UrbanVLP: Multi-Granularity Vision-Language Pretraining for Urban Socioeconomic Indicator Prediction
This work addresses urban planning and sustainable development challenges by improving prediction accuracy for socioeconomic indicators, though it appears incremental by building on prior models like UrbanCLIP.
The paper tackles urban socioeconomic indicator prediction by addressing biases from macro-level satellite data and unreliable text generation, proposing UrbanVLP, a vision-language pretraining framework that integrates multi-granularity imagery and automated text calibration, achieving superior performance across six tasks.
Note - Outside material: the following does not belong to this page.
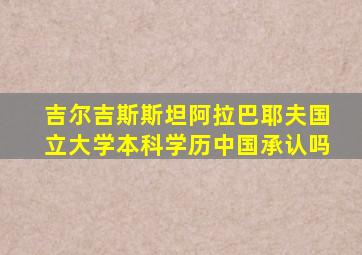 吉尔吉斯斯坦阿拉巴耶夫国立大学本科学历中国承认吗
Urban socioeconomic indicator prediction aims to infer various metrics related to sustainable development in diverse urban landscapes using data-driven methods. However, prevalent pretrained models, particularly those reliant on satellite imagery, face dual challenges. Firstly, concentrating solely on macro-level patterns from satellite data may introduce bias, lacking nuanced details at micro levels, such as architectural details at a place. Secondly, the text generated by the precursor work UrbanCLIP, which fully utilizes the extensive knowledge of LLMs, frequently exhibits issues such as hallucination and homogenization, resulting in a lack of reliable quality. In response to these issues, we devise a novel framework entitled UrbanVLP based on Vision-Language Pretraining. Our UrbanVLP seamlessly integrates multi-granularity information from both macro (satellite) and micro (street-view) levels, overcoming the limitations of prior pretrained models. Moreover, it introduces automatic text generation and calibration, providing a robust guarantee for producing high-quality text descriptions of urban imagery. Rigorous experiments conducted across six socioeconomic indicator prediction tasks underscore its superior performance.